CloudWatch
When in AWS, and with cloudwatch integration enabled, various KPI indicators are provided to allow monitoring and alerting
Enabling CloudWatch Metrics from Private IP connections
https://docs.aws.amazon.com/AmazonCloudWatch/latest/logs/cloudwatch-logs-and-interface-VPC.html
KPIs
The following metrics are provided:
- Available Memory: The percentage of memory allowed to be allocated by the proxy that is available for use. In general, this can change over time dramatically, but if lower than 20% on average for a vie minute interval, an alert should be generated;
- CPU Usage: The percentage of cpu time used by this proxy. While multiple proxies may make this metric harder to guage, in a single proxy environment, if this is above 70% for more than five minutes, an alert should be raised;
- DB Transaction Percent: The percentage of queries that are considered to be in transctions;
- Cache Hit Percentage: The percent of queries that are cache hits. This will vary for each customer, but can be used to set an alarm if caching drops below an expected value;
- DB Query Rate: The rate that queries are made against the database, i.e. are not cached;
- DB Query Time: The average response time from the database. This can be used to generate alerts if above the expected SLA;
- Average Response Time: The average response time for all queries, cached or not. This also can be used to generate alerts if above an expected SLA;
- DB Read Percentage: The percent of queries that are reads, which is a pre-requesite for caching or read/write split.

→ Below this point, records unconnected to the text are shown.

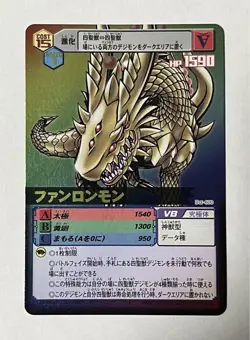 Digimon Card D -600 Fanlongmon Ur Old Japan - Image 2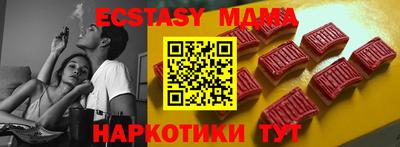 кокаин премиум Ангарск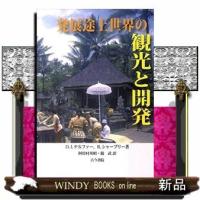 マンガ日本の歴史がわかる本〈古代~南北朝時代〉篇 | WINDY BOOKS on line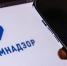 Телеграм в России - Tver24.Com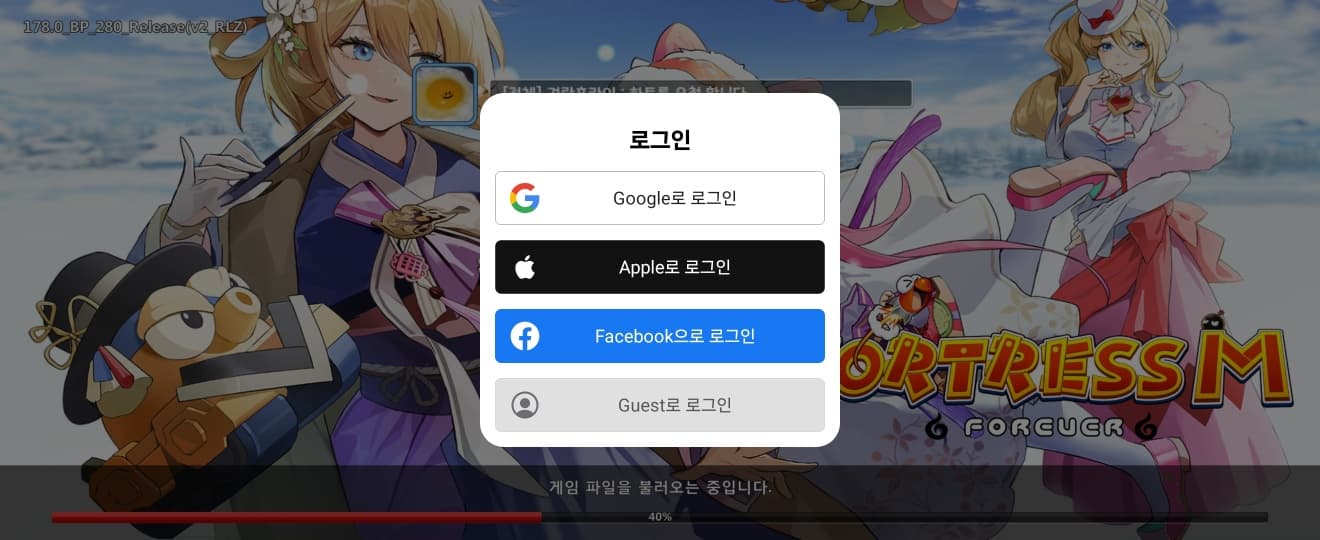 게임 SDK 서버 구축 1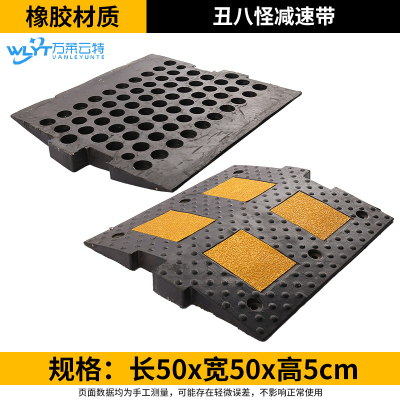 万莱云特 五金套装减速带+螺丝 /WLYT-JSD214/50*50*5cm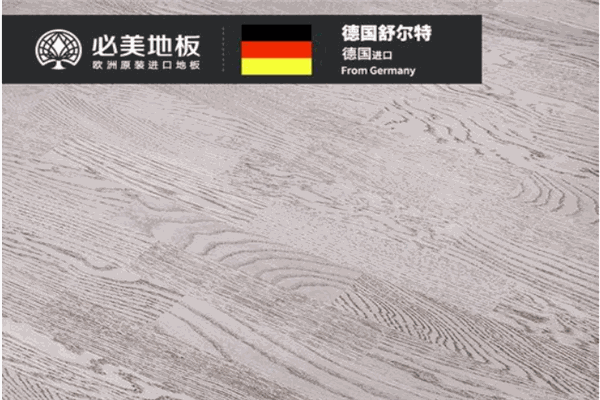 必美進口地板
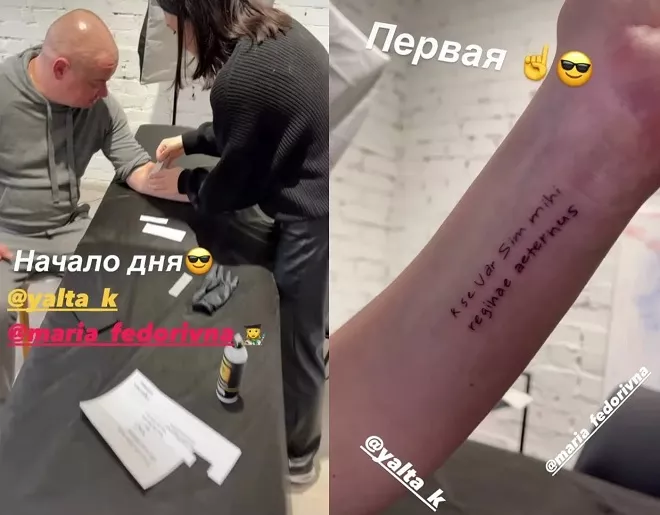 Евгений Кошевой татуировка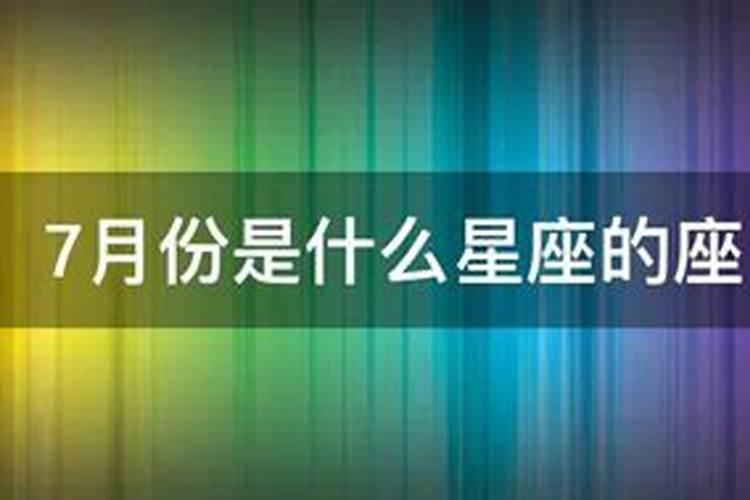 七月下旬,哪些星座事业运势转好,心态更上进,行事有动力？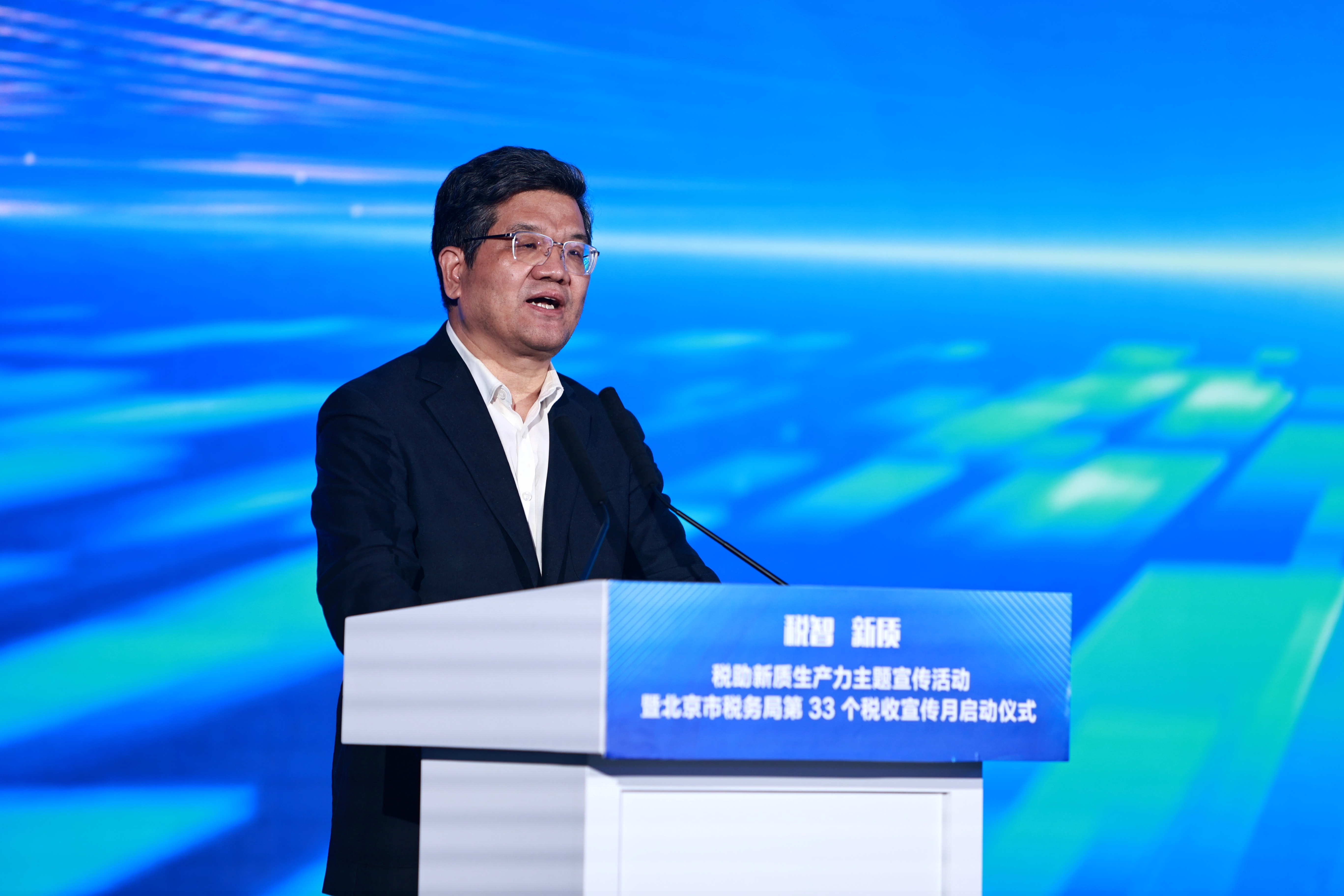 以税收杠杆赋能新质生产力大有可为,北京税务部门谋在前,干在先,展现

- SQL Exceptions: The number (per second) of SQL exceptions generated as a result of executing queries.
- Connection Errors: The number (per second) of connections errors.
- Forwarded Percent: The percent of queries that are forwarded via a forward rule, or via read/write split. A query may still end up on the writer node depending on configuration however.
Each of these metrics are reported on a per-minute basis, as part of the per-minute logging that is done with other logs to the cloudwatch log channel as well.
A dashboard widget that provides critical CPU usage information with the following query (as of the June 18th build):
SELECT max(CPUUtilization) FROM "<specific proxy CloudWatch namespace>-proxy" GROUP BY AvailabilityZone, VDB
(if no custom namespace is provided, default namespace will be HEIMDALL-proxy)
This will graph per AZ the top CPU using proxy's CPU load on a per-VDB basis. This allows at a glance the ability to spot if a single proxy is receiving too much load due to uneven distribution of traffic, potentially causing issues. Alerts can then be attached to this to notify operations staff of the issue for corrective action.